For the first time I had a functioning 6m station for the ARRL VHF contest. I used the Par Electronics Omni in its temporary location and my Kenwood TS-480SAT.
The contest started at 1800 UTC Saturday 11 June. I was a bit late for the start getting my first contact, W9GA in EN53 at 18:55 UTC. This was followed by three more stations in Wisconsin and then the band opened up for me and I could here more stations. For awhile after that I was getting a new station about every five minutes, scanning the SSB portion of the band. All my signal reports were good.
My XYL arrived home from work and wanted to go for dinner at our favorite BBQ place, Altas BBQ. Talk about the horns of a dilemma…XYL and Atlas BBQ…VHF contest…XYL and Atlas BBQ…VHF contest…hmm, what should I do? Actually it wasn’t that hard even though I am enjoying 6 meters. So after an excellent Cuban sandwich (I heard it’s good for propagation) I returned to the contest and had 26 contacts when I pulled the hook at 0259 UTC.
Most distant contacts
I had a wee bit of time to grab a few more stations on Sunday morning. In the end I contacted 33 stations including my first DX station, VE1PZ in Nova Scotia. This brings my grid total to 29 and 14 states on 6m. I really like 6m operation. The dynamics of the band are very interesting in a way that is much different from that of the HF bands. I guess that’s why it’s called the magic band. I’ll be watching for more openings and hope for a big opening to Europe.

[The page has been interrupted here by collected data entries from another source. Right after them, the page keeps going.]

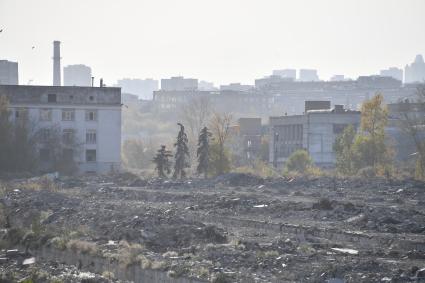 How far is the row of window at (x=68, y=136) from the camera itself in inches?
2493

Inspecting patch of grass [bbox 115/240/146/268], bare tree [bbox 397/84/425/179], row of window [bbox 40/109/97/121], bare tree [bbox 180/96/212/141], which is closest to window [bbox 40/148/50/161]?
row of window [bbox 40/109/97/121]

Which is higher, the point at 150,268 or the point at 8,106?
the point at 8,106

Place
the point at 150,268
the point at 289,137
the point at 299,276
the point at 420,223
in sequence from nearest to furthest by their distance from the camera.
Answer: the point at 299,276, the point at 150,268, the point at 420,223, the point at 289,137

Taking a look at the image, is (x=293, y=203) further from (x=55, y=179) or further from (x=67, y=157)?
(x=67, y=157)

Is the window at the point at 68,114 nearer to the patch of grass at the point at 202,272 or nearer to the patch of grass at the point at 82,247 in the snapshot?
the patch of grass at the point at 82,247

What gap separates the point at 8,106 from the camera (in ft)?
201

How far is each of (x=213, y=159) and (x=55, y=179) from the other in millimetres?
11775

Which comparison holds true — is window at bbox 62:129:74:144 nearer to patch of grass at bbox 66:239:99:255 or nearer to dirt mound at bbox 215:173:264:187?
dirt mound at bbox 215:173:264:187

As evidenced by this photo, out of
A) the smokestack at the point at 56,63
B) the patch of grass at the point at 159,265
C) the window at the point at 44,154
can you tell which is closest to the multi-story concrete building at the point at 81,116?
the window at the point at 44,154

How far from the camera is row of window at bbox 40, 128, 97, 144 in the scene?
6332 centimetres

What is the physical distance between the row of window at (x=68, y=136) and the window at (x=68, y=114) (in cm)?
86

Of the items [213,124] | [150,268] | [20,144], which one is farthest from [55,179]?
[150,268]

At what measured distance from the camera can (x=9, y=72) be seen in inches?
4850

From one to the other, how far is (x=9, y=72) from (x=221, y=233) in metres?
100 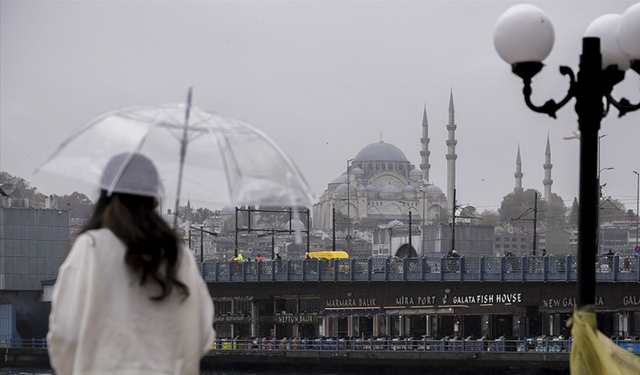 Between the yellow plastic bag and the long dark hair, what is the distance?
4.38m

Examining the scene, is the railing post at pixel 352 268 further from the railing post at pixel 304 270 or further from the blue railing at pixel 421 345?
the blue railing at pixel 421 345

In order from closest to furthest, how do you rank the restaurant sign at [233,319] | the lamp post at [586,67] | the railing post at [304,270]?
the lamp post at [586,67] < the railing post at [304,270] < the restaurant sign at [233,319]

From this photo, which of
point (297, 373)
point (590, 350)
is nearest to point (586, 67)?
point (590, 350)

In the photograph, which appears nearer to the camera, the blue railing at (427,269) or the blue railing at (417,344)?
the blue railing at (417,344)

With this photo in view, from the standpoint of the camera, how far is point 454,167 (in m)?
179

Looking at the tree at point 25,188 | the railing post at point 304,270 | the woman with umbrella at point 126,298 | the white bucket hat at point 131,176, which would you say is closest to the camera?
the woman with umbrella at point 126,298

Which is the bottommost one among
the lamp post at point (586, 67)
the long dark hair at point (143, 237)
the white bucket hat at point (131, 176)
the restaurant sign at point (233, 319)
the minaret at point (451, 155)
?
the restaurant sign at point (233, 319)

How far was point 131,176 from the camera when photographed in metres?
5.23

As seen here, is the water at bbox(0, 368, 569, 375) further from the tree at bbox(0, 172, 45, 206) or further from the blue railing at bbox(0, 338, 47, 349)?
the tree at bbox(0, 172, 45, 206)

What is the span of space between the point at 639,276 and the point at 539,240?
146252 millimetres

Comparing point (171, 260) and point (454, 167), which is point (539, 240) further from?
point (171, 260)

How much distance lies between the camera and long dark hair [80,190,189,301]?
494 cm

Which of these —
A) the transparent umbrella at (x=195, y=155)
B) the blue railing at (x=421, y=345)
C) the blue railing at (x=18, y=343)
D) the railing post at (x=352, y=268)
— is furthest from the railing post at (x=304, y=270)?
the transparent umbrella at (x=195, y=155)

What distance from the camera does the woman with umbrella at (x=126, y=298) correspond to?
4.84m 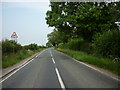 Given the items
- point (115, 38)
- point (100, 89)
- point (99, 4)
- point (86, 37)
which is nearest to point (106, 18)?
point (99, 4)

Yes, it’s time for the latest installment of Tim’s 6m adventure. This one begins where the previous post left-off, the the Par Omni. My nice new OA-50 leaned against a workbench in my shack all week waiting to go outside and play with all the other antennas. Well Friday was the day. I stuck in on the aforementioned mast that I used to test my Par Moxon and bungee corded it to the side door of the garage workshop.
Par Omni @ 20ft
The wire in the picture is not a powerline, it’s one leg of my Cobra UltraLite Junior. It was temporarily deployed late last fall in order to have a backup for the winter in case my main antenna came down which it had the previous year during a very cold period late in January. Typical antenna behavior. They never have problems when it’s sunny and 72.
A quick test with my MFJ-259B showed that the SWR was at 1.1 at 50.125 and thru the SSB portion of the band. Using my TS-480SAT I slowly scanned through the range from 50.125 to 50.200 and didn’t hear anything. I returned to 50.125 and called CQ a few times to no avail. So I flipped back to 20m and worked some DX and NPOTA stations, occasionally checking back to 50.125 and watching DXMaps for signs of band activity.
On one of my checks I heard Ray, K9KHW and responded to his call. Being new to 6m operations I asked Ray about the tools that are typically used to check on 6m activity and he recommended the DXMaps site and also subscribing to the ON4KST chat which I subsequently did. He also recommended checking activity later in the evening. The rest of the afternoon was spent on HF.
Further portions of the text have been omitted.